Kan't Ban

David T. Anderson is the guru of the Kanban movement for managing software projects.

But a competent economic analyst he is not. He divides economic activities into those that "add value" and those that are "wasteful." But activities that do not add value to a final product (and are known not to add value) are not the activities of an economic producer at all: they are called "consumption" or "recreation." (The whole idea of "adding value" in production is itself questionable, but let's not go into that.)

For instance, he talks about staining a wood fence for a customer:
This involved a trip to Home Depot. There was also some preparation work required on the fence: some repairs, some sanding, and trimming plants... To allow access for painting. None of these activities could be described as adding value. The customer does not care that I have to make a trip to Home Depot. The customer does not care that this activity takes time. In fact, it is annoying, as it delays the start and the end of the project. (Emphasis mine.)
No, unless David intends to stain the fence with air or dirt, the trip to Home Depot does not "delay the start of the project." It is the start of the project.

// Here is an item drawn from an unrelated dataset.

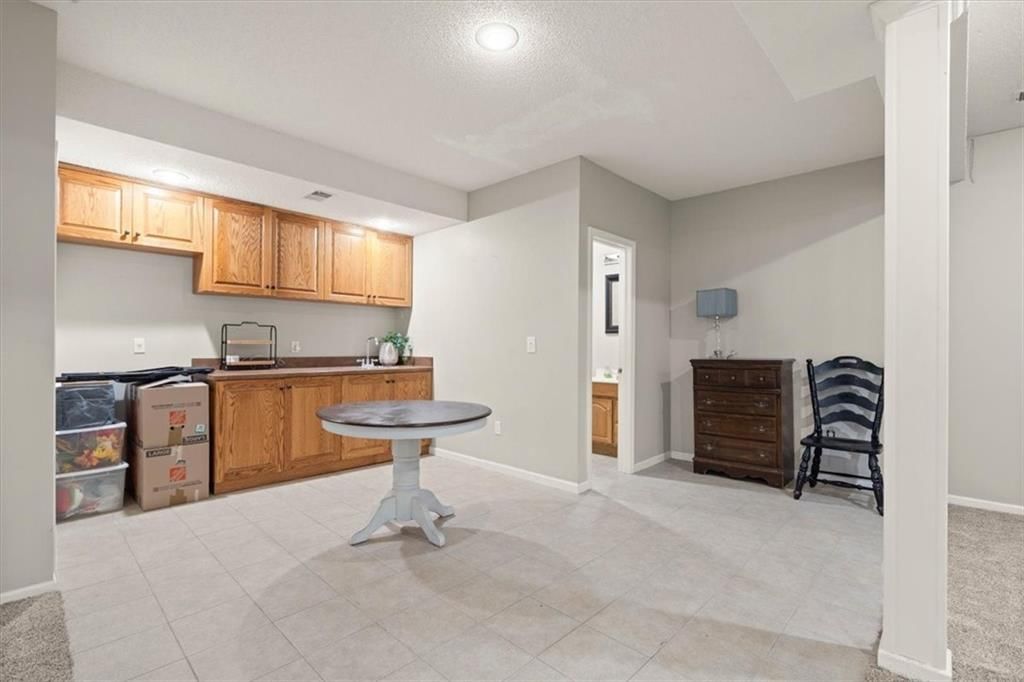 8810 W 147th Terrace — photo 32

And neither does the customer "care" that the staining takes time: the customer would much prefer that David could stain the entire fence merely by thinking about it being stained. And the customer surely would be very annoyed if David simply stained right over the plants growing along the fence, rather than trimming them back, or failed to sand, so the stain would not take.

What Anderson is doing is simply arbitrarily designating certain costs as "not adding value" and then pointing out that the customer would like those costs minimized. But the customer would also like the costs that Anderson claims do add value to be minimized. In fact, the ideal production process takes no time and is completely costless. Until we can achieve such a process, all work that is required to deliver the final product "adds value." Any work that does not add value should not be reduced, as Anderson suggests, but completely done away with. (In fact, that Anderson talks about minimizing this work, instead of eliminating it, demonstrating that somewhere inside he knows his distinction is arbitrary.)

When it comes to producing software, Anderson distinguishes between things like meetings, that are "waste," and actual coding, which "adds value." Again, the distinction is completely arbitrary. Imagine we have a software-generating AI that can simply listen to humans holding a meeting about a piece of software, and then write the code. In that case, the only part of the production process involving humans would be meetings! The customer does not "care" about the meetings, but, in fact, doesn't "care" about the coding either: the customer only cares about the final product doing what he wants it to, however the product came about.

Short of having such an AI, the question is, "Are the meetings being held helpful to producing a better software product?" If they are, they are "producing value." (Again, this is not really an accurate way to speak: production processes do not ladle out little dollops of value here and there into a product.) Think about a half-hour meeting where one software engineer discovers that his colleague has already written and debugged an algorithm that he was going to spend the next week writing and debugging. That meeting was "worth" a week of coding, since the first programmer is now freed up to code something else for the next week.

And if the meetings are not helping to produce a better product, they should simply be dropped.


  1. Coding adds *code*.

  2. I encountered similar confusions from a former boss of mine. He wanted me to calculate our per unit cost to create our product (with the goal of determining future pricing). I determined that almost all of our expenses were overhead and labor. If we assumed that we could get a lot more work done without hiring anyone new (which was reasonable at the time because business was very slow), then in fact our marginal cost was close to zero. This did not satisfy: that’s impossible, I was advised, because in fact we had considerable expenses. But those expenses were all overhead (assuming we weren't planning any layoffs, we were stuck with our current salary levels). If you include overhead, then all of our expenses are the cost of creating the product: simply divide total expenditures by units produced to get a per unit cost. This did not satisfy, either: I was advised that I should include only the expenses directly related to the product. But why would we be paying any other employees, for instance HR, if we don't need them to make the product? In the end, I had to arbitrarily decide which roles were more "hands-on" with the product and exclude the rest. As if everybody else was just hanging around like dead weight – including myself, spending all this time on the cost per unit analysis instead of making product!

    P.S. Arguably what we really needed was a model of how much new salary we would need to take on if we got so much new business that we had to hire people. I developed just such a model, but it was both complicated and highly speculative, so nobody paid any attention to it.